Records from a data collection:
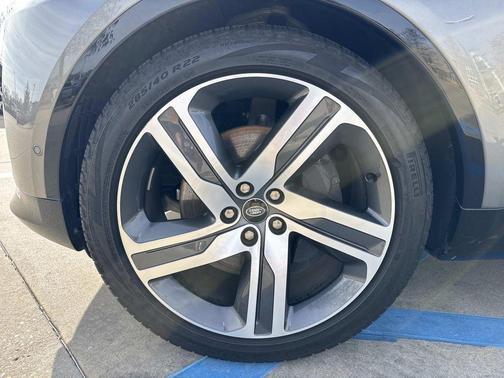 2024 Land Rover Discovery P360 Dynamic SE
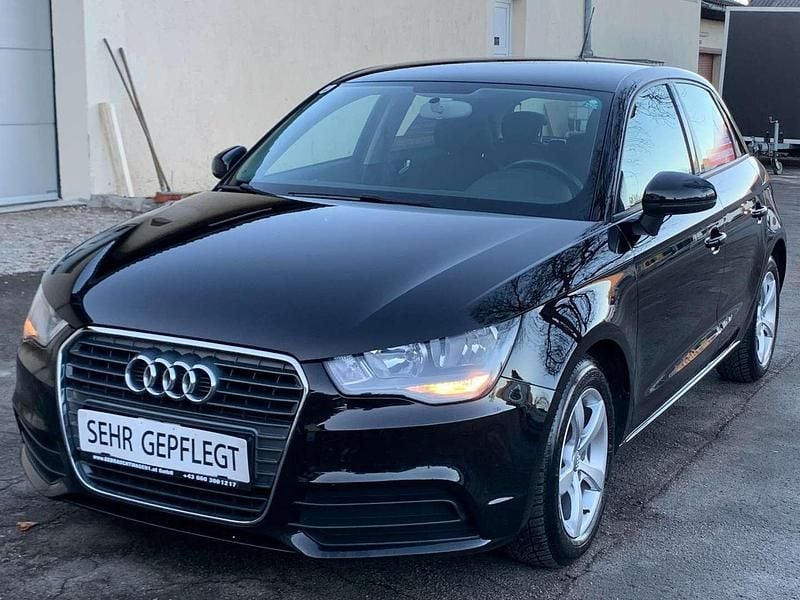 Gebraucht Audi A1 Attraction 86 PS (63 kW) 2013 Schwarz Kleinwagen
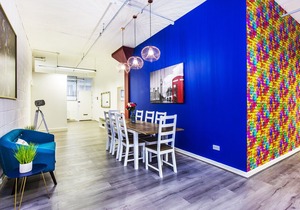 4 bedroom(s) House near London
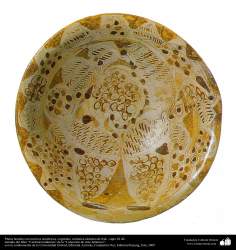 Исламское искусство - Черепица и исламская керамика - Тарелка с симетричными фигурами и рисунками растений - Ирак - В IX в.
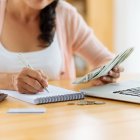 Especialistas advierten que planificar ingresos, diferenciar gastos e inversión y revisar deudas permite enfrentar 2026 con mayor estabilidad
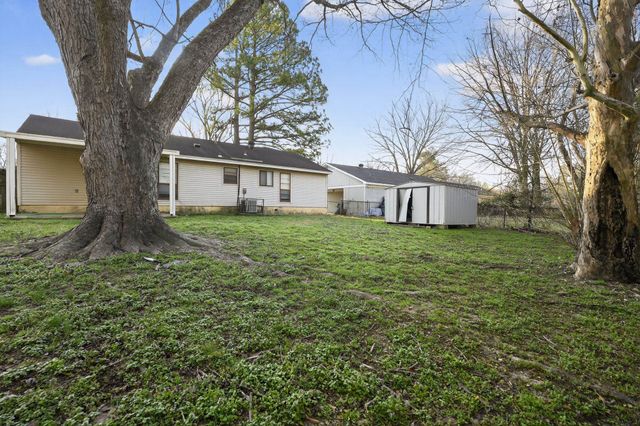 5267 BROKEN OAK DR, Memphis, TN 38127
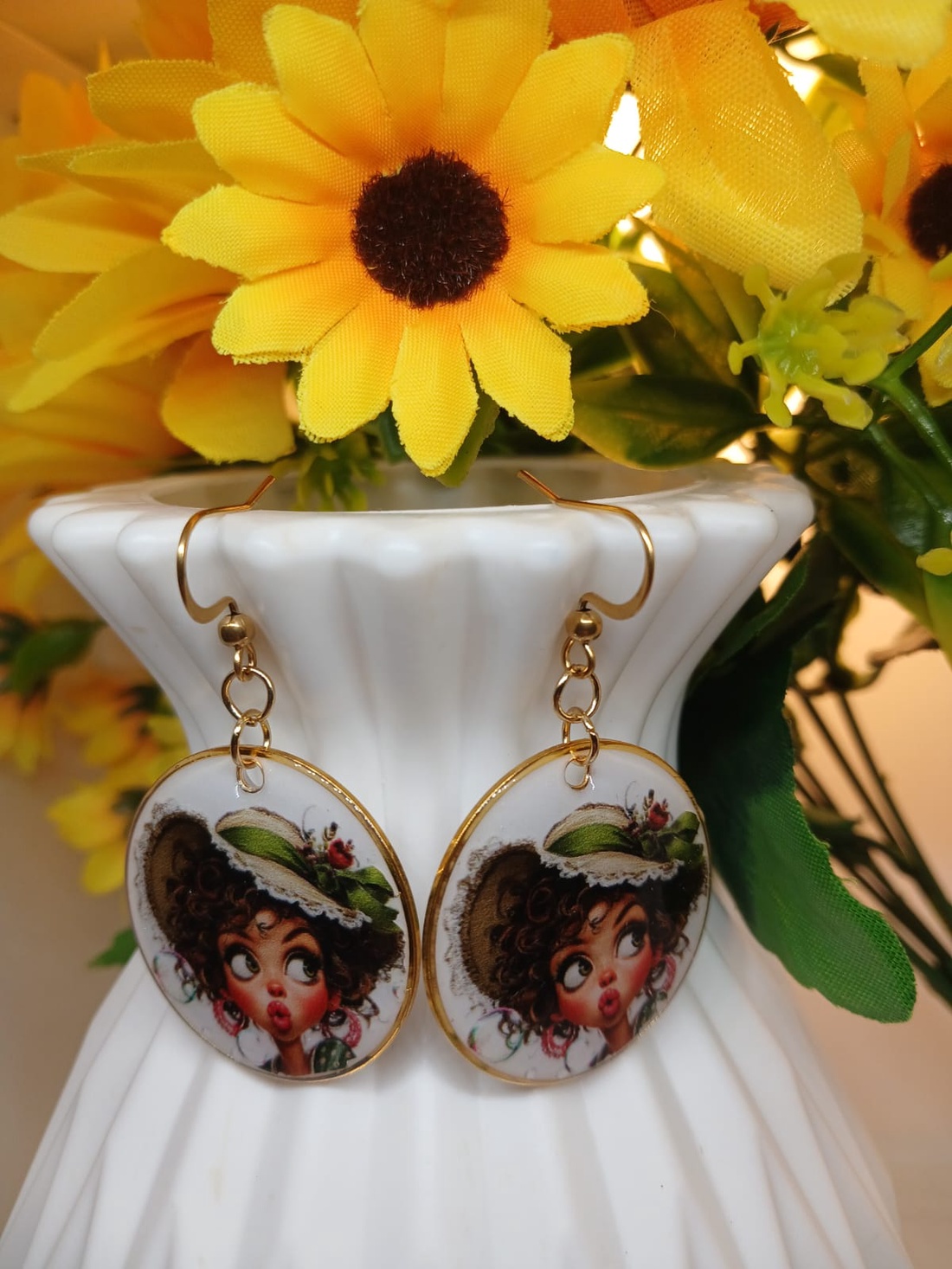 Cercei handmade domnisoara - bijuterii - cercei - cercei din rășină - Artynos.ro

(INSTRUCTIONS TO FOLLOW): Return verbatim every line from the line containing "Gebraucht Audi A1" to the last line of the entries above, inclusive, and leave out the pictures.

(RESPONSE TO THE EXERCISE):
 Gebraucht Audi A1 Attraction 86 PS (63 kW) 2013 Schwarz Kleinwagen
 4 bedroom(s) House near London
 Исламское искусство - Черепица и исламская керамика - Тарелка с симетричными фигурами и рисунками растений - Ирак - В IX в.
 Especialistas advierten que planificar ingresos, diferenciar gastos e inversión y revisar deudas permite enfrentar 2026 con mayor estabilidad
 5267 BROKEN OAK DR, Memphis, TN 38127
 Cercei handmade domnisoara - bijuterii - cercei - cercei din rășină - Artynos.ro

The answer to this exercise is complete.